Building Merck's secure healthcare resource portal — navigating extreme legal constraints, migrating the team to Figma, and implementing the Vivid360 design system for the first time in a live product.

Hero Image
Client Merck (Payor Portal / Merck Formulary Resources)
Duration April 2023 – March 2024
My Role Principal Experience Designer
Team 1 design lead, 4 designers, 1 content strategist, 1 tech lead, 1 PM
Industry Healthcare / Pharmaceutical (FDA-regulated)
Key Deliverables Figma migration, Vivid360 design system implementation, portal UI design, legal-compliant delivery

The problem

When a healthcare professional needed information about a Merck drug, the process was absurdly manual: contact a rep, schedule a meeting, sit through a presentation, then wait for a follow-up email with the actual content.

Merck needed a portal that let HCPs browse, request, and access drug resources securely and independently. But healthcare design isn't like other design. The FDA reviews everything. Merck's rapid response legal teams scrutinized every screen weekly. Branded content had to be separated from scientific information. Safety and indication information had to appear wherever a drug claim was made. And full-scale page redesigns could be triggered by a single legal ruling.

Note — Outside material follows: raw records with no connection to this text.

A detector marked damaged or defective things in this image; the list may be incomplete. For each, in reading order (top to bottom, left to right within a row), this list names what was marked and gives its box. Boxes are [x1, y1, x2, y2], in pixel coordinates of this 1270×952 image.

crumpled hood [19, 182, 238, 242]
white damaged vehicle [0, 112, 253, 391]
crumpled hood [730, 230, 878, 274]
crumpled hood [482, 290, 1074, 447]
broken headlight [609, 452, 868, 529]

I joined the fully Think-staffed team about 6 months into design. The portal was taking shape, but the team was working in Sketch and InVision, there was no design system alignment, and the process needed structure. I was brought in to fix all three — while also contributing to the design itself.

Problem visualization
85% of Vivid360 design system migrated from Sketch to Figma
Weekly FDA-level legal reviews (RRT) throughout the project
6 mo into design when I joined to restructure tooling and process
1st Merck product to implement the Vivid360 design system

My role

I joined as the most senior designer on the team with a specific mandate: migrate the project to Figma, implement the Vivid360 design system, and bring structure to a process that was starting to strain under legal complexity. But I didn't just focus on systems and tooling — I also took ownership of major portal sections, contributed to the UX design, participated in weekly legal reviews, and built the developer handoff framework.

This was the first Merck product to implement Vivid360, which meant I wasn't just consuming a design system — I was proving it could work in production. Every decision I made had implications for how future Merck products would adopt the system.

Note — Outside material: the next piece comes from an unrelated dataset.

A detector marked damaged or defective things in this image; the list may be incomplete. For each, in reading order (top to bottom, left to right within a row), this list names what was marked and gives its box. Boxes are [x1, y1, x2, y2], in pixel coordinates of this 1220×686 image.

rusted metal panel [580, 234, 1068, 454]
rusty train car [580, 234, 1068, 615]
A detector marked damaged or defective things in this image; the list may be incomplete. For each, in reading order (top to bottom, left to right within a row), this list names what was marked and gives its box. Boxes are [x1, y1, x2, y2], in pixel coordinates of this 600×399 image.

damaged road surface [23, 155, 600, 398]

Design System Implementation

Independently migrated the entire Vivid360 design system from Sketch to Figma, rebuilding components with auto layout and variants. Then led the team through redesigning all existing pages to align with V360.

Legal Compliance Design

Participated in weekly RRT legal reviews where every screen was scrutinized for FDA compliance. Navigated strict constraints around branded vs. scientific content, safety information, and drug claims.

Portal UX Design

Owned the design of major portal sections — including the dashboard, library, and requests experiences — while collaborating with another designer who owned adjacent sections.

Process & Tooling

Built the Figma file structure, established project organization patterns, ran an OOUX workshop to align design and content strategy, and created the developer handoff framework.

The approach

Phase 1 — Migration & System Alignment

Get the foundation right

Migrated the entire Vivid360 design system from Sketch Cloud to Figma — rebuilding every component to properly leverage auto layout and component variants. Got stakeholder approval to adopt Figma as the primary tool, then led the team through redesigning all existing portal pages to align with V360.

Phase 2 — Structure & Process

Organize the chaos

Built a Figma file structure using "base pages" as master components — enabling instances to flow into prototypes, legal review files, and delivery files from a single source of truth. Ran an OOUX workshop with the content strategist to create a shared visual language between content models and design screens.

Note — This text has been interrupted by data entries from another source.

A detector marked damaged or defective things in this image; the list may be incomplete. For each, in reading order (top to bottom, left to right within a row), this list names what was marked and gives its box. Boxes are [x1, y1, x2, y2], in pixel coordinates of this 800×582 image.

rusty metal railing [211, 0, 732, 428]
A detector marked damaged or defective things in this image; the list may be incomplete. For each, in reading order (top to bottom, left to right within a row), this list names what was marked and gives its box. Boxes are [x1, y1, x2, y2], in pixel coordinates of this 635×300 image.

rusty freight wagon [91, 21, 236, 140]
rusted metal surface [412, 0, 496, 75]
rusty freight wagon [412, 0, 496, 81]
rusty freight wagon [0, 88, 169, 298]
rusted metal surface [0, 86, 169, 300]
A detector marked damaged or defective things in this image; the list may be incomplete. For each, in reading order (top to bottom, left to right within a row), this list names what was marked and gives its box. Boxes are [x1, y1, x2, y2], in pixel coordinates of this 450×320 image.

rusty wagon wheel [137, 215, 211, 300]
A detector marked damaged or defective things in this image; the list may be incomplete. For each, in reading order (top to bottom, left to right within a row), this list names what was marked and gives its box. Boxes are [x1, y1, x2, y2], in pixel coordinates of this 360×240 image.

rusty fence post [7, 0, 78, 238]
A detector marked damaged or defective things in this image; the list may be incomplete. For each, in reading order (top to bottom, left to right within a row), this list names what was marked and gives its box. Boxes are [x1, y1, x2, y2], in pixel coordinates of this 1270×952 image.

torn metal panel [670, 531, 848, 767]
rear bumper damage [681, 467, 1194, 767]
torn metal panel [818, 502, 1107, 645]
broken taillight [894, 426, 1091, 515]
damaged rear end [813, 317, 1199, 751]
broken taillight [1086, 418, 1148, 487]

Phase 3 — Design & Legal Review

Design within extreme constraints

Designed major portal sections — dashboard, library, and requests — while navigating weekly RRT legal reviews. Balanced user experience goals against FDA compliance requirements, with full-scale redesigns sometimes triggered by a single legal ruling. Every screen had to thread the needle between usability and regulation.

Phase 4 — Delivery & Handoff

Ship with clarity

Built a comprehensive developer handoff system — a table of contents, resource overview, team profiles, and detailed annotations with a global components section. Adapted the handoff framework I'd developed at Comcast Business and improved it for the pharmaceutical context.

Bringing Vivid360 to life

Payor Portal was the first Merck product to implement the Vivid360 design system — which meant I wasn't just using the system, I was proving it could work.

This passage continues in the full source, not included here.